Great American Ins. Co. v. Dover

On a former appeal the judgment was reversed for error in overruling the defendant's demurrers to the plaintiffs' replication to plea 6, alleging a breach of warranty embodied in the policy that the dwelling house "did not contain a brick on edge flue," in that "at the time of the issuance of said policy and for a long period during the term of the policy said frame building * * * did contain a brick on edge flue," which fact increased the risk of loss. Great American Insurance Co. v. Perry Dover et al., 219 Ala. 530, 122 So. 658.

Another defense asserted by defendant's plea 2 on both trials was that the property was willfully burned by Perry Dover, one of the plaintiffs, with intent to defraud the defendant, and the questions now presented are pertinent to that issue.

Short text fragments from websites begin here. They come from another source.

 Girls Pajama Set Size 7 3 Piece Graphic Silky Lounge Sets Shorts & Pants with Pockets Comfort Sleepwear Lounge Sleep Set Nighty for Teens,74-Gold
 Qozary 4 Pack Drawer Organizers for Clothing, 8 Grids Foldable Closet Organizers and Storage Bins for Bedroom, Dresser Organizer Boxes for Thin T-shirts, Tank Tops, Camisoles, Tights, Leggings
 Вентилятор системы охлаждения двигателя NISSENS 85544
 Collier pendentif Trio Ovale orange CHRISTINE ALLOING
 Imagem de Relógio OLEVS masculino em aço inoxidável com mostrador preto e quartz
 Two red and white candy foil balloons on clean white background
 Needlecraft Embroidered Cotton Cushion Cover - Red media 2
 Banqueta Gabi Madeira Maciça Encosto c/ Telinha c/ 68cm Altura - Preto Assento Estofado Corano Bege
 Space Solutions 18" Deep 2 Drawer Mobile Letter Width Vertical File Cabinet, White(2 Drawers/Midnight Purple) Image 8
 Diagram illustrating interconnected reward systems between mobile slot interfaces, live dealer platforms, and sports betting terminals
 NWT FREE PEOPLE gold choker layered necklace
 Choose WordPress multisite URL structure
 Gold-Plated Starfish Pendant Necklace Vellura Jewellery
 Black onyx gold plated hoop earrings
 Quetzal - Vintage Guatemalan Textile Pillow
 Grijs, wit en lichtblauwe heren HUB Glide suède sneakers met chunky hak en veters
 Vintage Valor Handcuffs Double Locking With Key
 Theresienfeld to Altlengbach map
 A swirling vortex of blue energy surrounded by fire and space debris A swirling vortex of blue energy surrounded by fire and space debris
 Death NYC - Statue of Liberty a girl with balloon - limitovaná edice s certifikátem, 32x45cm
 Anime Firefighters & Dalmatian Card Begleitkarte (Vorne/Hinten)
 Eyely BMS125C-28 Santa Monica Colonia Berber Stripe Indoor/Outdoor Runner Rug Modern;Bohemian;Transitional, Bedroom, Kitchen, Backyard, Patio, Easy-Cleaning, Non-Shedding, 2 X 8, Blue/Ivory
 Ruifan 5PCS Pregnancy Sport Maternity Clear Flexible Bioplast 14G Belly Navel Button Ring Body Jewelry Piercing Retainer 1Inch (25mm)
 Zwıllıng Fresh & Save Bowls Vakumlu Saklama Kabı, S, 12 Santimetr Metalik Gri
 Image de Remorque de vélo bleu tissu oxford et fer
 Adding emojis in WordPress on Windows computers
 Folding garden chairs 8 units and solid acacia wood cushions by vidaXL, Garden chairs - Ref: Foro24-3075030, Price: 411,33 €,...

The evidence on this issue was in sharp conflict, presenting a question for jury decision.

The subject-matter of the insurance was the one-story, shingled roof dwelling, smokehouse, and barn on a farm known as "the Fricks property," purchased by the plaintiffs in the spring of 1925, which were insured by the policy in suit, issued on November 4, 1925, for one year, against loss by fire. E. L. Dover, one of the plaintiffs, while *Page 614 under cross-examination, testified: "We bought that place from Frick's estate. There was some thirty odd acres (39 acres as other evidence shows) of the land. I guess it was worth about $50.00 per acre. We paid $2,000.00 for the whole thing. We gave a mortgage on it." He was thereupon asked: "How much was due on that mortgage at the time of the fire?" The plaintiff objected to this question and the court sustained the objection.

To quote from Cooley's Briefs (2d Ed.) p. 5007, "On the issue of incendiarism, involving as it does moral turpitude and criminal intent, every circumstance tending to prove the guilt of the party charged is admissible in evidence," and the amount of the incumbrance on the insured property, as well as the fact of such incumbrance, was relevant and material to the question of motive to destroy the property as a means of acquiring the insurance to meet the incumbrance. It was also relevant as going to show the pecuniary interest of the plaintiff in the insured property. Aachen Munich Fire Ins. Co. v. Arabian Toilet Goods Co., 10 Ala. App. 401, 64 So. 635; Philadelphia Underwriters Agency of Fire Ass'n of Philadelphia v. Brown (Tex.Civ.App.) 151 S.W. 899, 902; Joy v. Liverpool, L. G. Ins. Co., 32 Tex. Civ. App. 433, 74 S.W. 822, 826; Connecticut Fire Ins. Co. v. Manning, 160 F. 382, 385, 15 Ann. Cas. 338.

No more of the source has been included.